Home » New Book: Matriarchy Patriarchy and Imperial Security in Africa-Explaining Riots in Europe and Violence in Africa

New Book: Matriarchy Patriarchy and Imperial Security in Africa-Explaining Riots in Europe and Violence in Africa

Patriarchy is dangerous for men and unstable for global trade.

“The uniqueness of this book lies not only in its eclectic themes and scope of analyses but also in the author’s brilliant fusion of rather complex issues of gender, imperialism, world-systems, and global insecurity into a composite inquiry. It presents us with fascinating historical discord over the meanings of imperial security and the concomitant clash of cultures between Western Europe and Africa in relation to their patriarchal and matriarchal systems. Illuminating the influences of intellectual conditioning of patriarchal colonial hegemonies that profiled women universally as the under-class, this compelling study places the onerous burden of ending international familial and class wars on the shoulders of the United States. Clearly a pace-setter in transnational gendering of global conflict and terrorism, this work entreats the US to reconsider its patriarchal imperial system in the global economy and listen more responsively to the formerly colonized nations of Africa for the sake of national and global security.”

Apollos Okwuchi Nwauwa, director, Africana studies program, Bowling Green State University

Matriarchy, Patriarchy and Imperial Security in Africa is an interdisciplinary treatment of a topic that is usually addressed by political scientists and military strategists. Rather than follow Thomas P. M. Barnett’s, Samuel Huntington’s and Edward Saïd’s top-down approach to the turn-of-the-twenty-first century clash of the West and the Rest, this book takes readers on a three thousand year, grassroots journey through imperialism, linguistics, and applied critical theory to show readers that peace eludes us because we are not all working with the same definition of national security.
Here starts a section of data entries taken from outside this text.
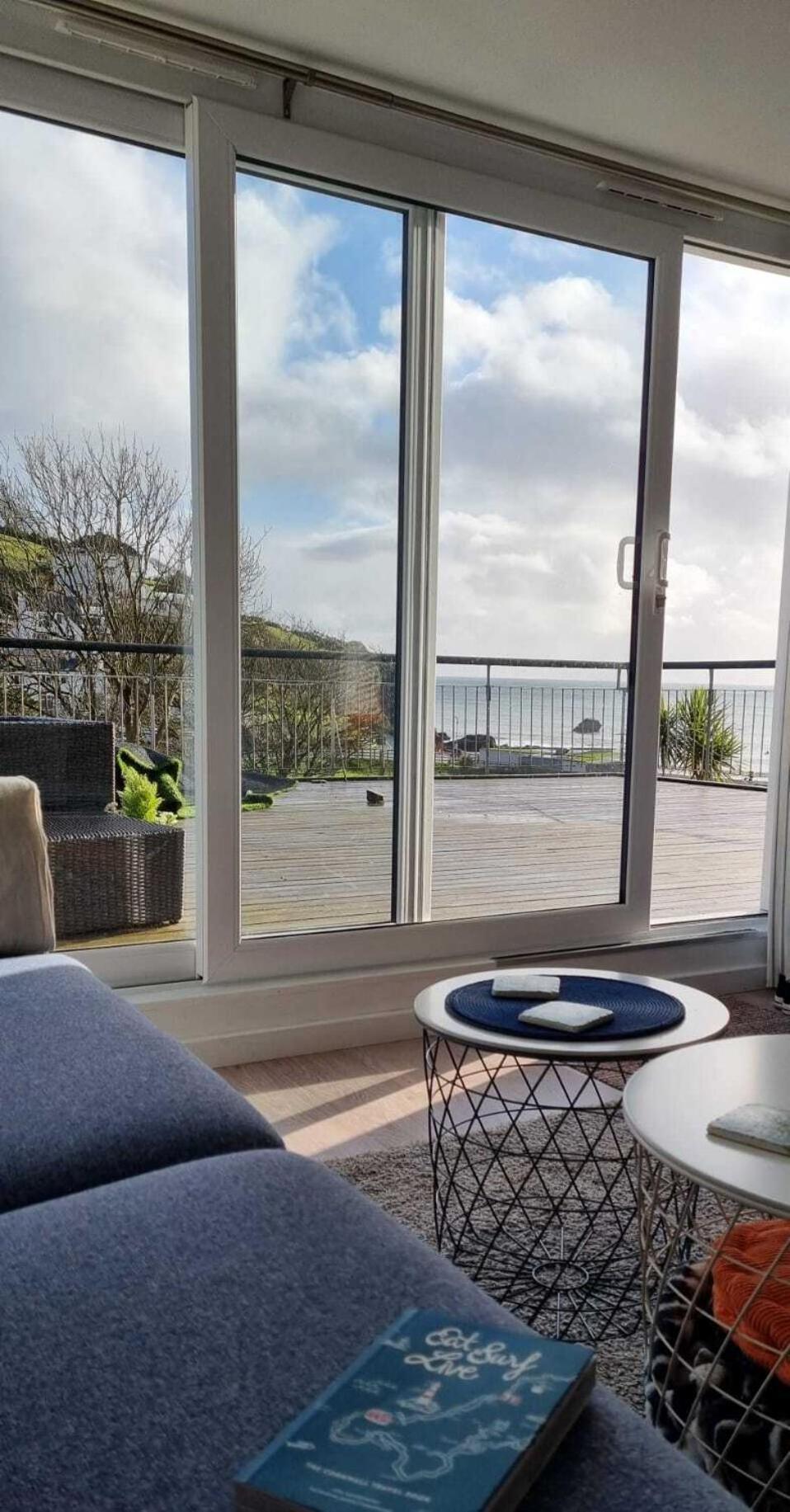 May View - Luxury Sea View Apartment - Millendreath, Лу Екстериор снимка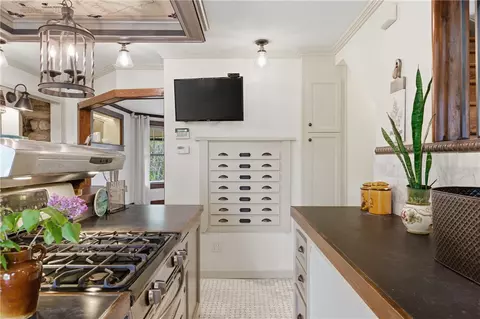 Kitchen - 10 Hamilton Hl, Glocester, RI 02829 photo 3 of 8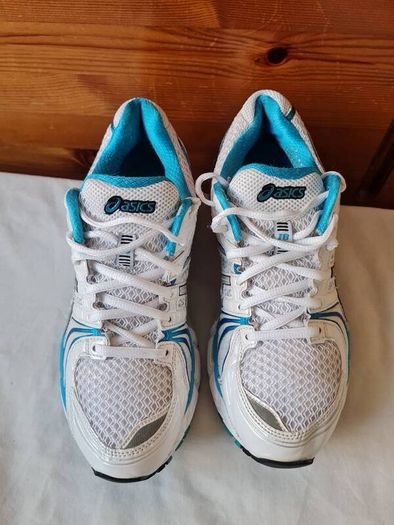 Asics gel kayano 18 sky blue/white Size 6.5 eu 40 in like new condition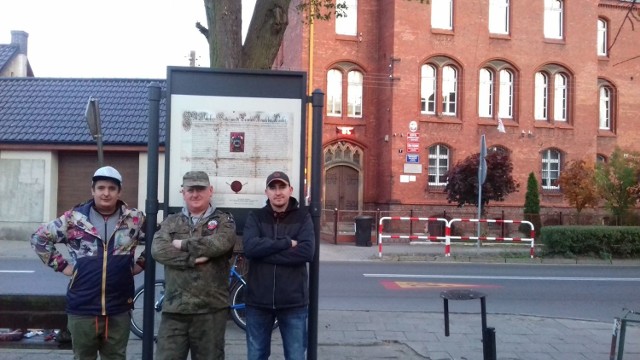 Tablica została zamontowana przed budynkiem szkoły. Na zdjęciu Krzysztof Hojka w środku oraz Marcin Sączawa i Łukasz Kwiatkowski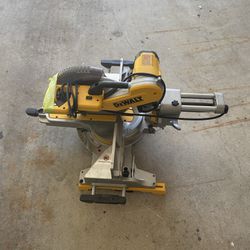 Double Bevel Sliding Compound Miter Saw with 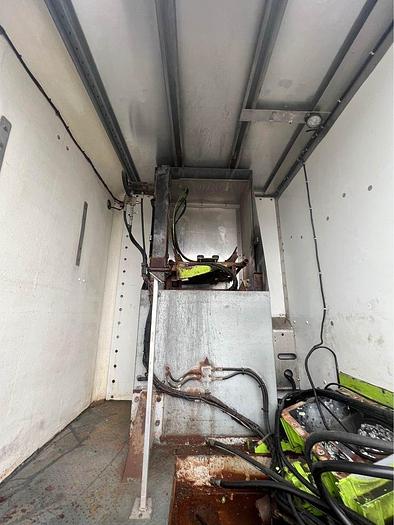 Used 2010 International 4300 Series 16 foot, hydraulic brakes, auto,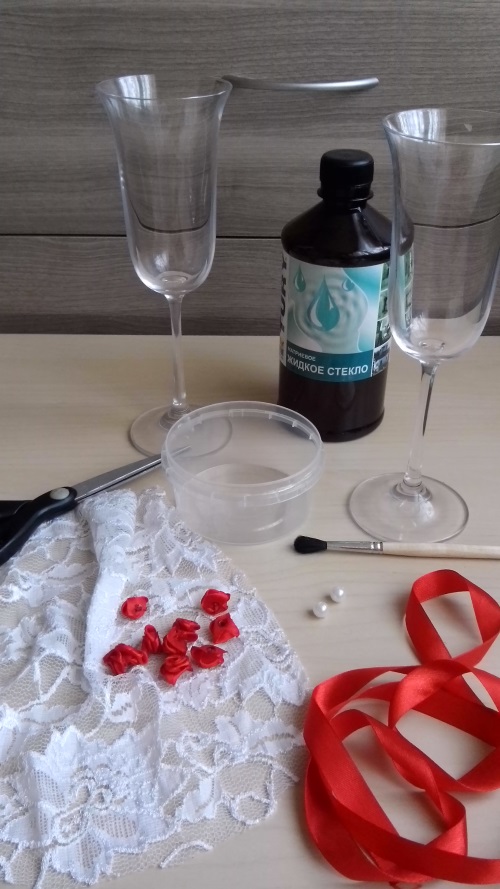Esküvői poharak díszítése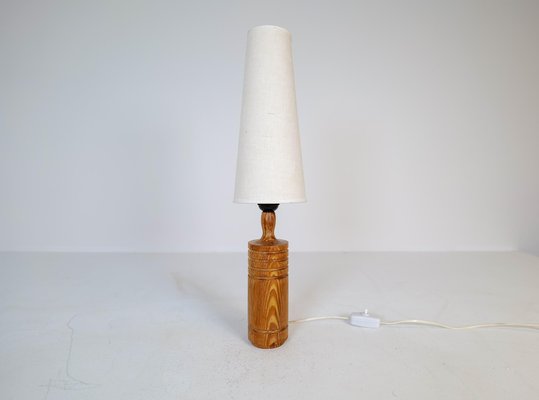 Scandinavian Sculptural Table Lamp in Pine, 1970s-UYK-1300667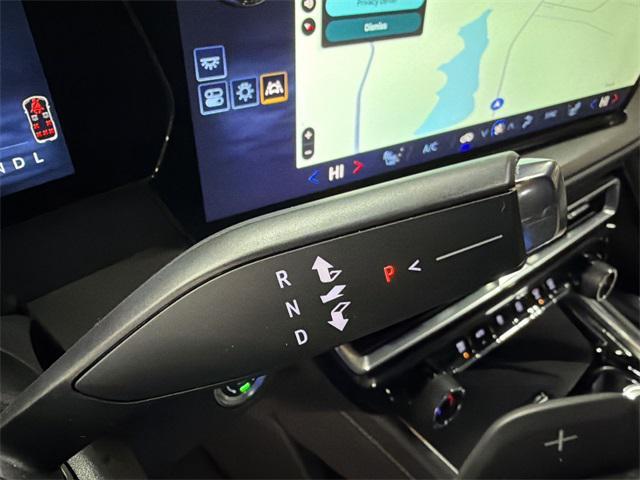 used 2025 Chevrolet Traverse car, priced at $35,500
By adding a Saharan world trade system to the conventional Oriental-Occidental binary of traditional Western Civilization narratives, this book opens a view of Western Europe as a colonized territory of a medieval Roman empire that never died. A parallel imperial reorganization occurred in West Asia. Both systems deployed patriarchy as a gender bomb to implode and conquer matriarchal economies. This clash of European, West Asian and African matriarchal and patriarchal empires was the crucible that produced the United States of America as elder sibling of the family of post-colonial frontier nations.